Judge of the Industrial Court of NSW
- In office 16 June 1993 – 26 July 2009

Judge of the Supreme Court of NSW
- In office 27 July 2009 – 11 September 2019

Personal details
- Born: 20 August 1956 (age 69) Hohenlimburg, North Rhine-Westphalia, West Germany (now Germany)
- Alma mater: University of Sydney
- Occupation: Judge, Lawyer

= Monika Schmidt =

Australian judge

Monika Schmidt was a judge of the Supreme Court of New South Wales from 2009 until 2019, appointed to the Common Law Division, having previously been a judge of the Industrial Court of New South Wales for 16 years.

==Early life and education==
Schmidt was educated at the University of Sydney and received her LL.B. in 1979.

==Career==

Schmidt was a partner at Minter Ellison, a firm of solicitors, specialising in industrial and employment law, including lecturing at the University of Sydney.

===Industrial Court of NSW===

Schmidt was appointed as a judge of the Industrial Court of New South Wales in 1993, aged 32. The Industrial Court of NSW had the equivalent status of the Supreme Court of NSW. Schmidt was involved with the Judicial Commission of New South Wales, in 1996 becoming a member of the advisory committee on judicial education and as a member of the Conduct Division dealing with complaints about judicial officers.
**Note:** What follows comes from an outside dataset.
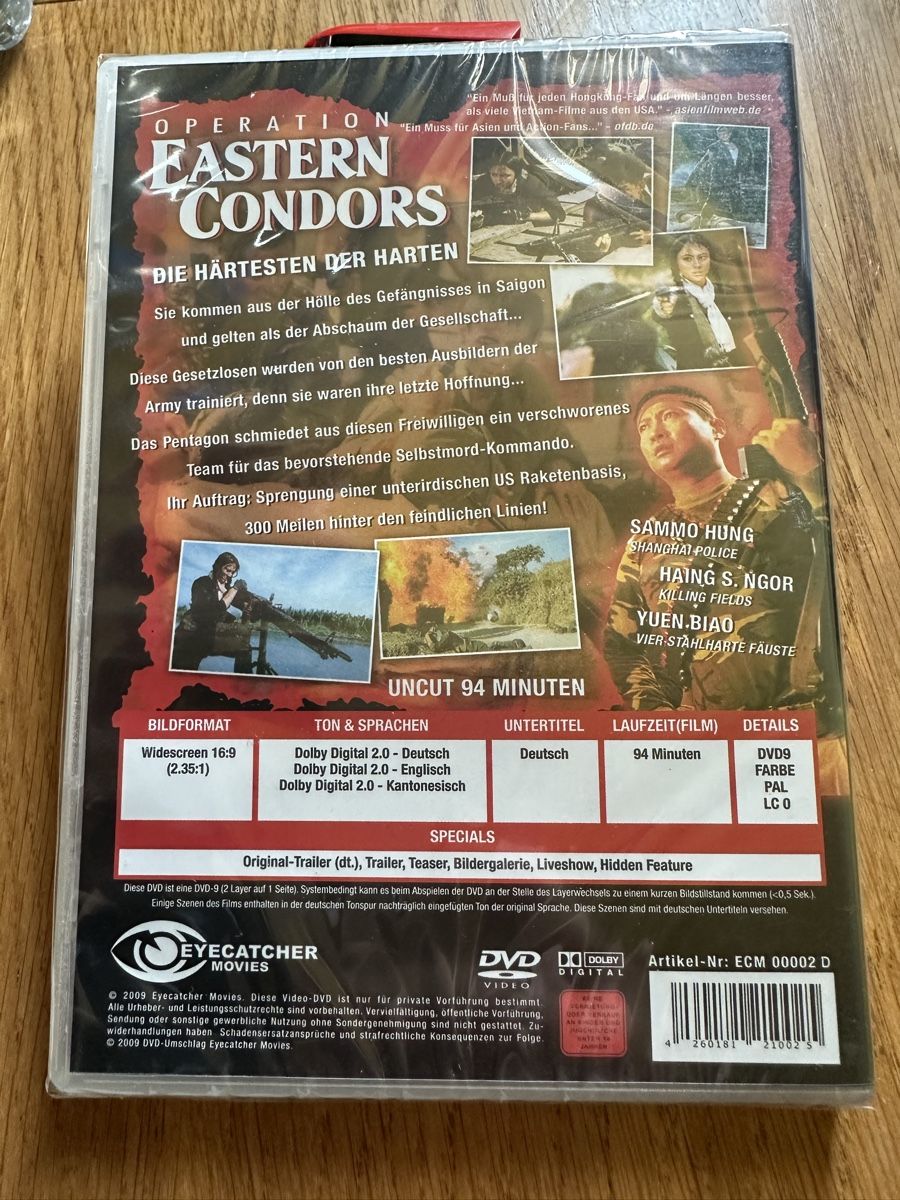 Tutti i DVDs: Operation Eastern Condors , DVD, OVP  – Nuovo e nell'imballaggio originale da Benken ZH venduto da Audi-erich 1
In 1998 Schmidt was received a dual appointment as a Deputy President of the Australian Industrial Relations Commission. Schmidt joined Justice Leone Glynn in a dissenting judgement on an important question of the jurisdiction of the Court, a dissent that was subsequently approved by the NSW Court of Appeal.

===Supreme Court of NSW===

Schmidt was appointed as an acting judge of the Supreme Court of New South Wales, sitting for four months in 2009 before being permanently appointed to the Common Law Division from 27 July 2009.

In 2013, Schmidt delivered a judgment in the NSW Court of Criminal Appeal which was scathing of the remarks on sentence by District Court judge Garry Neilson, who had found that the seriousness of an incest offence was reduced "because there had been no ejaculation involved ... and because there was no rough handling involved", describing the remarks as having no foundation and not the subject of any evidence, one of a number of judgments that resulted in the suspension of Judge Neilson from criminal trials.

In 2014, Schmidt rejected an application that she refer a case to a male judge, because, as a female judge, she was suspected of being a feminist with leftist leanings. Schmidt noted that a judge was obligated under their oath of office obliged to determine issues impartially regardless of their personal views.

Schmidt retired on 11 September 2019.